A new report from the U.S. Chamber of Commerce gives Louisiana high marks on providing choice but low marks for academics. It should be noted that Louisiana has higher levels of child poverty than other states, but the U.S. Chamber of Commerce does not go into that.

“A new U.S. Chamber of Commerce report gives Louisiana’s public education system very low marks on academic achievement, international competitiveness, workforce preparation and bang for the buck. It flunked Louisiana in five of 11 categories, with a D+ in the sixth.

“The state’s low academic standing has been widely documented. However, the chamber says its report has a particular focus on the 21st century workforce.

“Louisiana did see some gains. Scores went up on the National Assessment of Educational Progress in 2013, especially for low-income and minority students. But compared to other states, Louisiana was still at the bottom.
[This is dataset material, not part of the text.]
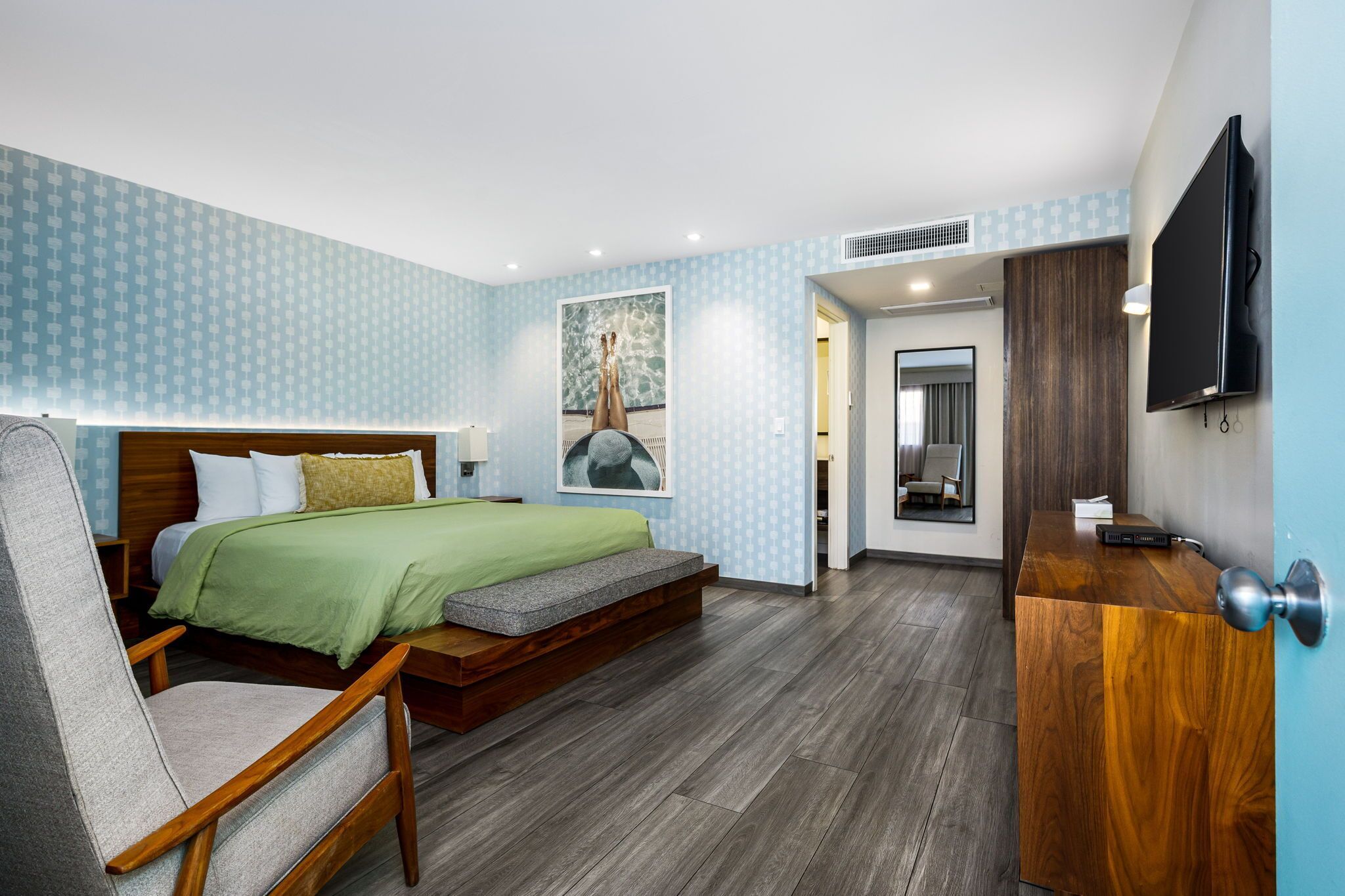 A modern hotel room with a bed, a wooden desk, a chair, and a television.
The state’s 2013 Advanced Placement pass rate was worse than any state except Mississippi.

“Pass rates were even lower in subjects that the chamber considers important for the 21st century economy: only 30 in 10,000 students passed a foreign language AP test, and 4 in 10,000 passed the AP computer science test.

“When measured against an international exam, the Programme for International Student Assessment, fewer than 20 percent of Louisiana students met the global standard in reading and mathematics.

“The chamber gave Louisiana a failing grade on “return on investment.” After controlling for the cost of living, the chamber’s report says, “student achievement in Louisiana is very low relative to state spending,” which is about at the national median.

“The chamber released the report card Thursday. The research was conducted by the conservative American Enterprise Institute.

“Given Louisiana’s poor national and international standing, the chamber found the state’s internal testing results dubious and lacking in credibility. In 2011, pass rates for Louisiana’s LEAP and iLEAP tests were much higher than the national rates. That gave an inaccurately rosy picture of student performance, said the chamber, which awarded a D-plus for “truth in advertising.”

The state got an A for parental choice. As we have seen in numerous earlier reports, many children use state vouchers to attend schools with no curriculum and uncertified teachers. Maybe all that choice is dragging down academic outcomes. But “even some of the better grades were lower than in the chamber’s previous report. In 2007, chamber researchers gave Louisiana an A for teaching, a C for the credibility of its own test pass rates and an A for data collection. It gave the state a B for the rigor of its academic standards, praising its English benchmarks and graduation exit exam.” Under John White, the state is losing ground.

Hmm, I seem to recall that Louisiana was the state that was #1 on StudentsFirst report card, probably because of vouchers and charters.

State superintendent John White thinks that Common Core and its hard tests is the cure-all for low performance. Rigor. Harder tests. That’ll raise performance. Kind of like an athlete who can’t jump a 4-ft bar. Raise it to 6 feet. That’ll do it.